Madame Mao never forgot a slight. Later in her life when she had some perceived power, she went down the list and this one and that one disappeared never to be seen again. She ended up in the same prison cell of a woman she and Mao turned on. This woman was the wife of Mao's most trusted premier. He was a yes-man all the way, to the Nth degree, which Mao required. He became a little too popular among the people to suit Mao, and his wife was getting more attention than Madame Mao. They had them over for dinner one night, and on the way home they were arrested and put in prison. The man died soon after. The woman lived eleven more years. And Madame Mao got her cell. It's one of those details that says there really is justice in this world.

Mao and his wife are excellent examples of what Jr's daddy meant when he told Jr, "Stay away from important people." To even know important people in China is certain death. He wasn't talking from China either. Lorne Campbell, a lawyer I used to know, told me the same thing, just different words. He was a little more specific.

It's a curious experience reading about people you can't like. Anchee Min's writing made it possible. Not just possible, made it enjoyable reading. She writes beautifully. Not florid or fancy.
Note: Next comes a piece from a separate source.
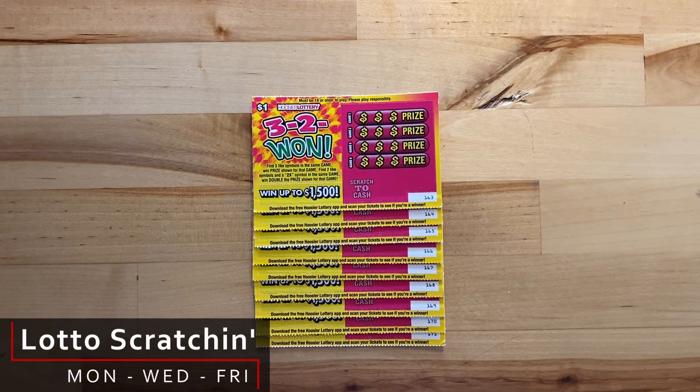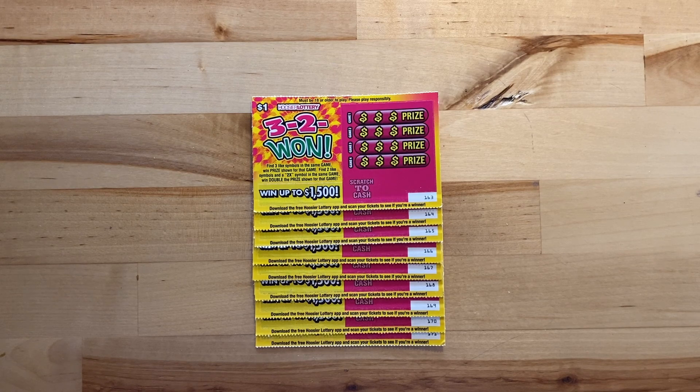Hi there! Welcome back to Lotto Scratchin'. I hope you're having a great and lucky day. Thank you for stopping by today. I have something a little different for you.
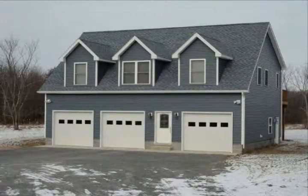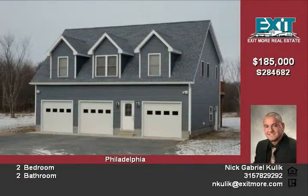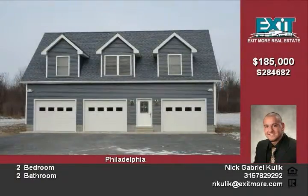If you want privacy this is the home for you. This home is surrounded by thick wooded areas on all sides. With 10 acres of land, finding room to do just about anything will not be hard.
It's a clarity she has, she's perfectly clear, so clear you see what she's telling in words. And she writes in English with a near perfect command of the language. She's especially aware of flow in language.

I started with Empress Orchid and loved it so much I found a copy of the next one, The Last Empress, part 2 of same story. In time, Mao came next. In 3 historical novels I got a good history of China from mid 19th Century to 1970s. Such good writing I read mostly for her writing. Talking with a friend a couple days ago, I mentioned I don't like Madame Mao and really don't like Mao. She asked why I'm reading it. For the good writing. Next, which I've already begun, is Red Azalea, Anchee Min's first book, her account of her life in China during the Cultural Revolution and her escape to USA with the help of American Chinese actress Joan Chen.

My time at Jr's is a time of learning Chinese history from start to present. I've no idea why this interest in China came over me except that China has always been a curiosity. Through much of my early life nothing was coming out of China but occasional dissidents. The Bamboo Curtain they called it. I've wanted to know what the writers were writing about, what the film makers are doing, what their artists are doing. I've seen and heard the news about China, but don't believe most of it. I've wanted to see from the inside what's been going on behind the Bamboo Curtain. It's interesting as the oldest civilization on earth, how it got that way and its changes along the way. Now that I've learned pretty well what it's like in China, I do not want to go there.

I love reading about it, but that's close enough. Like I sometimes like reading about the Civil War, but I don't want to go there. I can't help but feel like the Chinese people have been down for so long, so many, many centuries, that possibly the Mao period was such a shock to the system it woke up a nation asleep in Confucious as dogma. The Maoist period was extremely difficult for the Chinese people and will continue to be for some time. They've come all the way out of the old ways. Next, I imagine, they will step away from the Maoist ways too. They'll have to. And, like always, there's no telling what's yet to come.